After finding the line with "TW4451 Loewe 羅意威" in the data below, set down exactly each line through the one with "3-pc Men'S Minimalist", inclusive, and stop there.

:: MATERIAL PROVIDED

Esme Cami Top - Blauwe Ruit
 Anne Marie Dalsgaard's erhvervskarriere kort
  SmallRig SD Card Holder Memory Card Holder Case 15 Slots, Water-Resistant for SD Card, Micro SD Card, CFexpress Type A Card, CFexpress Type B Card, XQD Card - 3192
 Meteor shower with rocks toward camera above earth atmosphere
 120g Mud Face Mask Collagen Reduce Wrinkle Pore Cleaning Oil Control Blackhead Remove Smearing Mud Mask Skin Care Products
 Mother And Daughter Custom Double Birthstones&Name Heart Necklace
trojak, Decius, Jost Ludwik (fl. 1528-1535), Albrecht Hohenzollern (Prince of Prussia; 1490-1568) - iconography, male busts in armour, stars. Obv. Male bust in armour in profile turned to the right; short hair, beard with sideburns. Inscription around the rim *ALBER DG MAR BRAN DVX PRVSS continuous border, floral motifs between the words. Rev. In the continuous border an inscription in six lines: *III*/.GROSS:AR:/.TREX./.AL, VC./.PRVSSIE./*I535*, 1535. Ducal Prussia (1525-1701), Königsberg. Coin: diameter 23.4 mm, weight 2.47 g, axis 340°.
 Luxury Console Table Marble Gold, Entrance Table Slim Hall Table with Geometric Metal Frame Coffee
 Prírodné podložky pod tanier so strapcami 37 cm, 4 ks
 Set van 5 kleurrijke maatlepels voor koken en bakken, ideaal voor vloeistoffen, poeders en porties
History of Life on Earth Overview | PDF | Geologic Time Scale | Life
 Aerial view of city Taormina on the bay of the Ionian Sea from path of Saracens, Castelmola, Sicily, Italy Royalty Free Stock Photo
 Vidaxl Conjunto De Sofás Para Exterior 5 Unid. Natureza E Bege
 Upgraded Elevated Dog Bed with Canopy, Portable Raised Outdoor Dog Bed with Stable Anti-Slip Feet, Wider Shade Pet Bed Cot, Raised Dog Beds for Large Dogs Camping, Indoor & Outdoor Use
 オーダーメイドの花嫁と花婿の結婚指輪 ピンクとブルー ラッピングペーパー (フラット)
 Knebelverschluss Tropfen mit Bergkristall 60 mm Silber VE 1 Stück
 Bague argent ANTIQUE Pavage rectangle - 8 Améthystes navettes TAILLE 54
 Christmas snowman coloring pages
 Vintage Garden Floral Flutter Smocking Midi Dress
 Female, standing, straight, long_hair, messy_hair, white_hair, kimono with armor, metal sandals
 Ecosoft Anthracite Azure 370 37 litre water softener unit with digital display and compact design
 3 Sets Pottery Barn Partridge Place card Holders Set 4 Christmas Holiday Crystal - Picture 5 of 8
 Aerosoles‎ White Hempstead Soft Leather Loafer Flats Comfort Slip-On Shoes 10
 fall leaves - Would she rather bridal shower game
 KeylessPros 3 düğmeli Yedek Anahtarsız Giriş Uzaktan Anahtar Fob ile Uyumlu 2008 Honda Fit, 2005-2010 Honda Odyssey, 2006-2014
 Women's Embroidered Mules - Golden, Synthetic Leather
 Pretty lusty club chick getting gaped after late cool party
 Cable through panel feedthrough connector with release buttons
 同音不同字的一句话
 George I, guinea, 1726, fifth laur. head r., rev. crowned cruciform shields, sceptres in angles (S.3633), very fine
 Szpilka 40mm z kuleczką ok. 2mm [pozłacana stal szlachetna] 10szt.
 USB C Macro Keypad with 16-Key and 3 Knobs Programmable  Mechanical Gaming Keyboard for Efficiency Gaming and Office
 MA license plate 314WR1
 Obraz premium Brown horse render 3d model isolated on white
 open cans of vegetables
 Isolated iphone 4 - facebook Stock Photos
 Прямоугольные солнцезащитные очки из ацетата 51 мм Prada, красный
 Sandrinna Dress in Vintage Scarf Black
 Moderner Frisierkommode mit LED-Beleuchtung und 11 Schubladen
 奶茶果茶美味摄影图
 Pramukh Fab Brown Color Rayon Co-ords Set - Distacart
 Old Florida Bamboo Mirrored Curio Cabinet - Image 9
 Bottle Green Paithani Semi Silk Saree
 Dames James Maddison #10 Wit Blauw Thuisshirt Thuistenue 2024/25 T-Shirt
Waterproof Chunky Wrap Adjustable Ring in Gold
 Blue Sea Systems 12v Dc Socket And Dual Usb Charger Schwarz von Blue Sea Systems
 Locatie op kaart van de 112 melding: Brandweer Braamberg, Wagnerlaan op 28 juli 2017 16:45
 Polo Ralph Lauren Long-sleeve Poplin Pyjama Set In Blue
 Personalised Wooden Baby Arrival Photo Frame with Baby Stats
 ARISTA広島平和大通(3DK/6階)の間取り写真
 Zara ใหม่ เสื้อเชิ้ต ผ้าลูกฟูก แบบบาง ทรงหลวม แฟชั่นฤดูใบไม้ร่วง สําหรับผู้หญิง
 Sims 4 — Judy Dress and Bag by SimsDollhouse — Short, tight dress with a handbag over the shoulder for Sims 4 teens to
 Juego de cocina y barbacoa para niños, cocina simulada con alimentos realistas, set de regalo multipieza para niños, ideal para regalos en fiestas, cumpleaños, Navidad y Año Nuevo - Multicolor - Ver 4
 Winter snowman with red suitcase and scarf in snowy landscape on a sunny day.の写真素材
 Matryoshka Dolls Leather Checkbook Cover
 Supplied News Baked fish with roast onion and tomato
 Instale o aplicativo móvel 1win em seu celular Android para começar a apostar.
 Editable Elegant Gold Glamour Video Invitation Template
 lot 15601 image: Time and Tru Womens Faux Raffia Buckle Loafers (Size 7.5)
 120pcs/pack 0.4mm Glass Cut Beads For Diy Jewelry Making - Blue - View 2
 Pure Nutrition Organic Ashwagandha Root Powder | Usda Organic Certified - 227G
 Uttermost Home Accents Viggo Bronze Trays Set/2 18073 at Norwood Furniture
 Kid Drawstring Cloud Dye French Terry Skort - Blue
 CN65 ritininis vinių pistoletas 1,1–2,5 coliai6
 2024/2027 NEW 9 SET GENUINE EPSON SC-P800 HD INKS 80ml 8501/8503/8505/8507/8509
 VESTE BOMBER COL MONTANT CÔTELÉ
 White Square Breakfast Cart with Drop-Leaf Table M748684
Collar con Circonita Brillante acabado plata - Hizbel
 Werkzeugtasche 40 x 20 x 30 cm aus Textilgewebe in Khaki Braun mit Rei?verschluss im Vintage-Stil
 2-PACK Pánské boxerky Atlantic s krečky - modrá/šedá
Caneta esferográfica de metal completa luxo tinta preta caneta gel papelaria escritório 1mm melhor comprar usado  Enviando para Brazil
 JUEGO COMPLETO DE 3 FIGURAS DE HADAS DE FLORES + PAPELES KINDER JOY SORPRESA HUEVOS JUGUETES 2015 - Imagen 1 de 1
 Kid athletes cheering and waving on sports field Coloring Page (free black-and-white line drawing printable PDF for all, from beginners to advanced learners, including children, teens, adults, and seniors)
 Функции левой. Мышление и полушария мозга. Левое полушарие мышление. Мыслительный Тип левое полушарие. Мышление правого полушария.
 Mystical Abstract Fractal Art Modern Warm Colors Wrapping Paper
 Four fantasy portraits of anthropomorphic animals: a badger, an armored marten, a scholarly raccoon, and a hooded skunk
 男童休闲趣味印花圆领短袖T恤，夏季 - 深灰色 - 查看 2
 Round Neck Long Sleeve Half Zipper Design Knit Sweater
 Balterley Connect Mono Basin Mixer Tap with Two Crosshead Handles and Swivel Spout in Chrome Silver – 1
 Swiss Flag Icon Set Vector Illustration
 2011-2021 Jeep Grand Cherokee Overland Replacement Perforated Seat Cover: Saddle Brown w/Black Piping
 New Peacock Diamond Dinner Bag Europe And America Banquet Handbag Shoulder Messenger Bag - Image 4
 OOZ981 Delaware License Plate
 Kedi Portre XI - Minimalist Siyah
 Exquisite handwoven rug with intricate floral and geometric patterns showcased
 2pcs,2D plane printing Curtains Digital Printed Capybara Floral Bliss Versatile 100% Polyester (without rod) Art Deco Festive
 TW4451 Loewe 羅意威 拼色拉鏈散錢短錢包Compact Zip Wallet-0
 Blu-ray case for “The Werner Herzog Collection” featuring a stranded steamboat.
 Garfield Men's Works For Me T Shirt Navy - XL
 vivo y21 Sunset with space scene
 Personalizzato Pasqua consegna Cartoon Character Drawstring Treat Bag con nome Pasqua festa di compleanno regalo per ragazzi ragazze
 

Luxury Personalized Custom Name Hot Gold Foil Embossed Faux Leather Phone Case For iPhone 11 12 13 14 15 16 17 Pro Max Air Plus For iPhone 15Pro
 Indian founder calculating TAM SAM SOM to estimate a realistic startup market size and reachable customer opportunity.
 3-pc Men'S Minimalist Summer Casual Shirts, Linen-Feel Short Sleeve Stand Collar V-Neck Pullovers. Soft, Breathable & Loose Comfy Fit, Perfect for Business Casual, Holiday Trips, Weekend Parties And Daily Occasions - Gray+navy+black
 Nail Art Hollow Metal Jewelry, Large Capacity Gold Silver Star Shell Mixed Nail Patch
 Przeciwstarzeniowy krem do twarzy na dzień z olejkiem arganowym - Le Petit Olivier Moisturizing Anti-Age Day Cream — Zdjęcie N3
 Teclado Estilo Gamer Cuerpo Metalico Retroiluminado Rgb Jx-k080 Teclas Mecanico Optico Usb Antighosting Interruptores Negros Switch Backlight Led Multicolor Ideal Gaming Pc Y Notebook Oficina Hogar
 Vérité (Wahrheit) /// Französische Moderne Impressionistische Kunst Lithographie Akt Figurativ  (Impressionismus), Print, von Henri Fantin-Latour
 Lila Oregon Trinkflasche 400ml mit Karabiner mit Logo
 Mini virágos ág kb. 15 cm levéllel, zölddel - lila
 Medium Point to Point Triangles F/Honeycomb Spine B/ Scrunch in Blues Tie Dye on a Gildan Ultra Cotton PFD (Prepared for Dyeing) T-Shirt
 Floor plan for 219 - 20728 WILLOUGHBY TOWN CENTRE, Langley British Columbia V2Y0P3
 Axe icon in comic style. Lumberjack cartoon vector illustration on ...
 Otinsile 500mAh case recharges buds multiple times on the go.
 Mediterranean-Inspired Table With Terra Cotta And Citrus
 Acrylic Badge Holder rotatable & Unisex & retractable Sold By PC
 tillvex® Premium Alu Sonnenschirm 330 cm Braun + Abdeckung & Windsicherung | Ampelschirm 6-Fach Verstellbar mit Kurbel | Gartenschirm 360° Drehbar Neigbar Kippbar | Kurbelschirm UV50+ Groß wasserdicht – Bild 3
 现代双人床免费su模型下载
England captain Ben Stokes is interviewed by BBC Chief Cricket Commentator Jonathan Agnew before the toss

::::

• _COMPLETED TASK_:
 TW4451 Loewe 羅意威 拼色拉鏈散錢短錢包Compact Zip Wallet-0
 Blu-ray case for “The Werner Herzog Collection” featuring a stranded steamboat.
 Garfield Men's Works For Me T Shirt Navy - XL
 vivo y21 Sunset with space scene
 Personalizzato Pasqua consegna Cartoon Character Drawstring Treat Bag con nome Pasqua festa di compleanno regalo per ragazzi ragazze
 

Luxury Personalized Custom Name Hot Gold Foil Embossed Faux Leather Phone Case For iPhone 11 12 13 14 15 16 17 Pro Max Air Plus For iPhone 15Pro
 Indian founder calculating TAM SAM SOM to estimate a realistic startup market size and reachable customer opportunity.
 3-pc Men'S Minimalist Summer Casual Shirts, Linen-Feel Short Sleeve Stand Collar V-Neck Pullovers. Soft, Breathable & Loose Comfy Fit, Perfect for Business Casual, Holiday Trips, Weekend Parties And Daily Occasions - Gray+navy+black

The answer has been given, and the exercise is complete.